Que un hombre, como también un animal, no responda a la fuerza de atracción sexual del otro sexo es claramente un defecto biológico, como aparece también en el resto de la naturaleza, un fallo de la naturaleza, como escribía Aristóteles. Pues la supervivencia del género humano descansa en esta fuerza de atracción. Si un hombre que sufre este defecto e inclina sus tendencias sexuales al propio sexo, sigue o no esta tendencia, es una cuestión moral, que no debe interesar al legislador estatal. El Estado no tiene nada que buscar en los dormitorios, excepto en caso de violación o corrupción de menores. Pero el Estado sí tiene un legítimo interés en que esta tendencia no se extienda, por la propaganda o por una pedagogía correspondiente, más allá de los que ya tienen esta disposición. Ante todo, contradice completamente a la razón institucionalizar de alguna manera uniones de este género y acercarlas a lo que es el matrimonio.

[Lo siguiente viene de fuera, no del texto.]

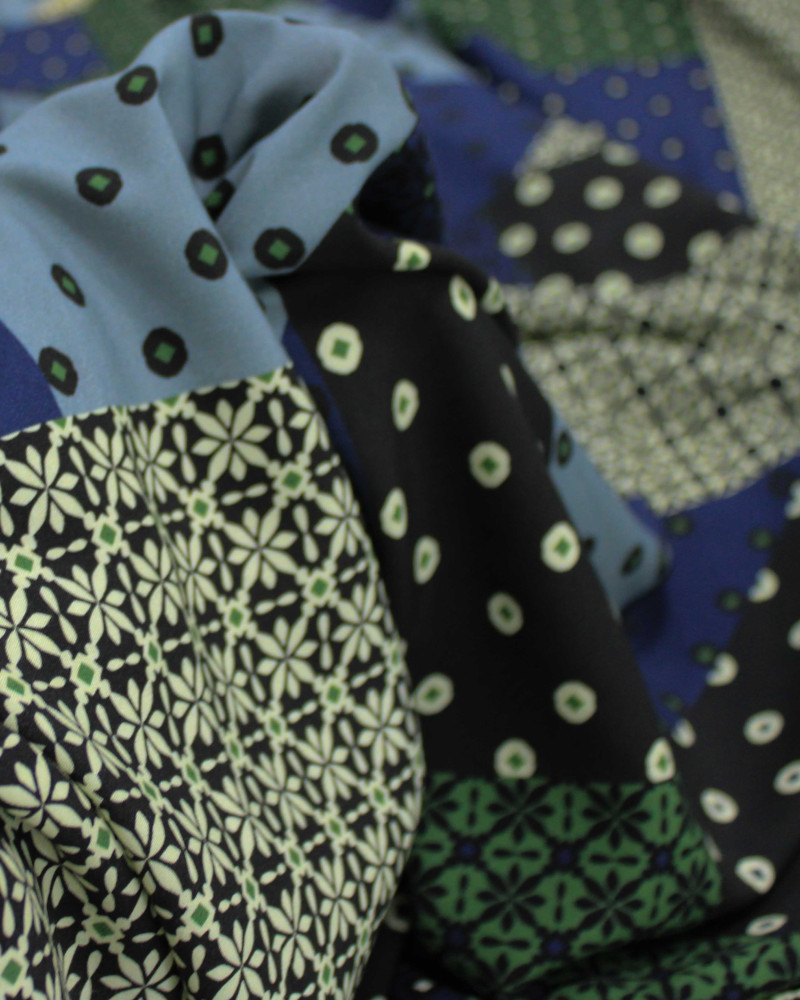 Tecido Viscose Italiano Multi Estampas em Recortes Coloridas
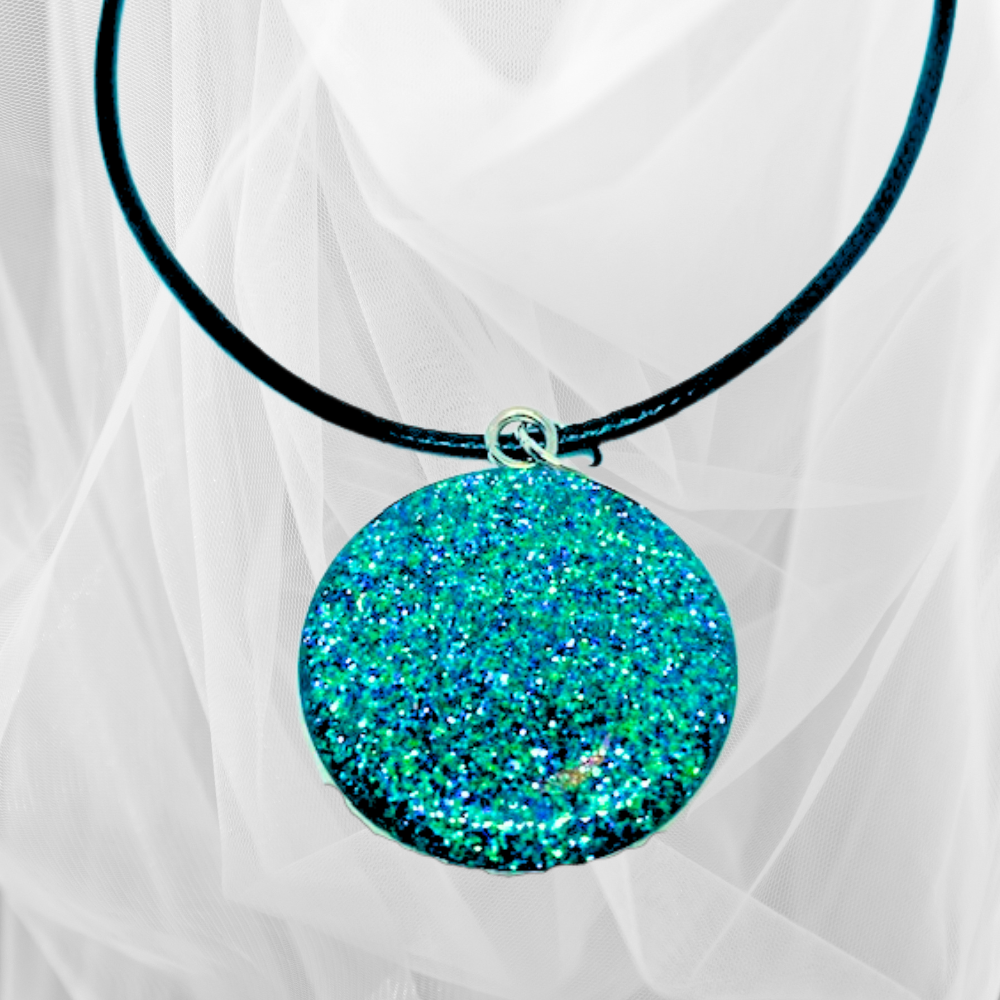 Circular Glitter Pendant Necklace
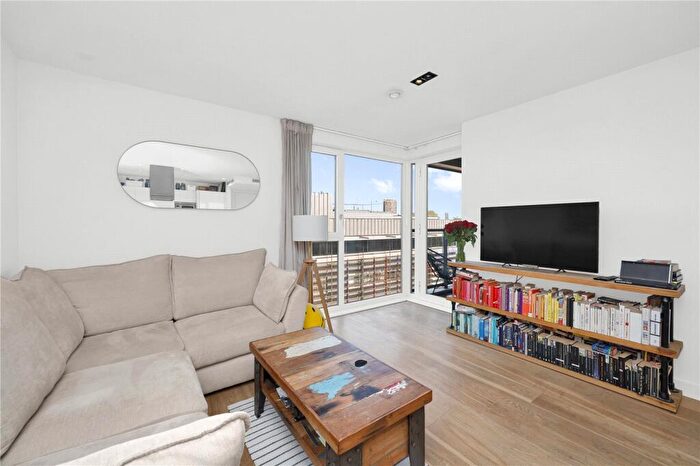 1 Bedroom Apartment To Rent In Courtyard Apartments, E1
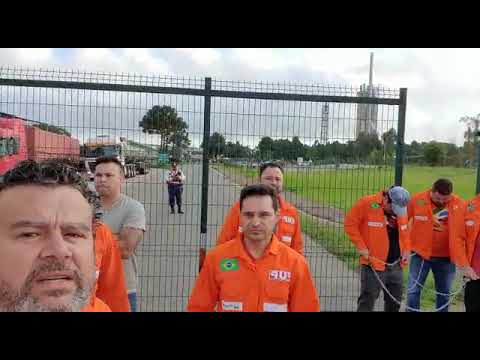 Petroleiros ocupam FAFEN-PR contra as demissões de quase 1000 trabalhadores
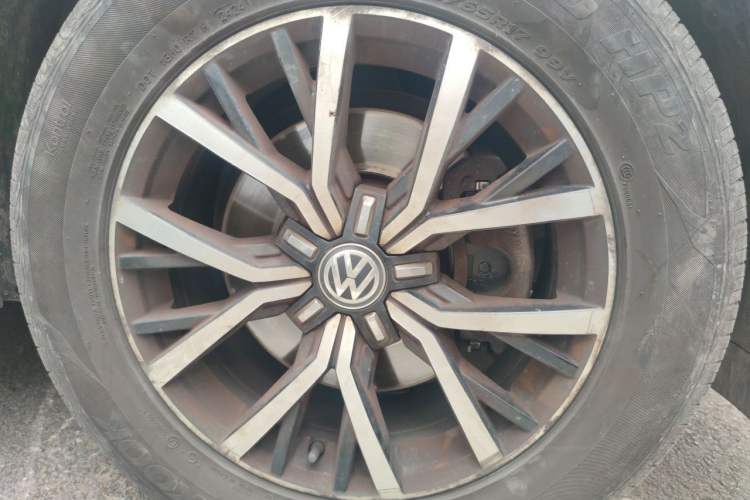 Used Volkswagen Tiguan L 2017 330TSI Automatic Two-Wheel Drive Luxury Edition Right Front Wheel Hub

El interés público en la institución de la unión permanente de dos personas de diferente sexo está relacionado, naturalmente, con que de esta unión pueden provenir niños, y normalmente vienen. Si no, también podrían casarse los hermanos.
Y no se encuentra realmente motivo alguno por el que la comunidad de vida, por ejemplo, de un párroco y su hermana, que cuida la casa, no pueda ser una institución jurídicamente privilegiada, como también una comunidad de tres personas, o un matrimonio entre tres, una pequeña comunidad de vida religiosa o la convivencia de un pequeño círculo de amigos del mismo sexo.
Que la comunidad de vida privilegiada públicamente tenga que ser sexual, que no pueda establecerse entre parientes, etc., que existan todas estas restricciones se basa en una imitación del matrimonio que no puede fundamentarse ya con ningún argumento racional. Que alguien se vaya a la cama con otra persona, sólo es de interés público en relación con los eventuales niños que pueden provenir de este género de unión.
Completamente absurdo es ya que se otorgue a parejas semejantes el derecho a la adopción de niños. Esto esconde un individualismo craso, según el cual los niños existen para satisfacción de los padres. La única pregunta legítima, ¿qué es lo mejor para los niños?, pasa a segundo plano.
Nada justifica aceptar que para estos niños, que ya tienen el difícil destino de no poder crecer con los propios padres naturales, sea indiferente si pueden experimentar el ser hombres desde el inicio en la forma dual y polar de los dos sexos, es decir, en la forma plena, o han de hacerlo en la forma reducida de una comunidad homosexual.
Que sea una suerte adquirir un carácter homosexual creciendo en una comunidad homosexual, no querrá decirlo nadie en serio. Tras esta exigencia hay un ataque de principio contra algo que pertenece esencialmente a la vida, la normalidad.
Y además una normalidad no arbitraria, sino caracterizada por la naturaleza específica de una especie.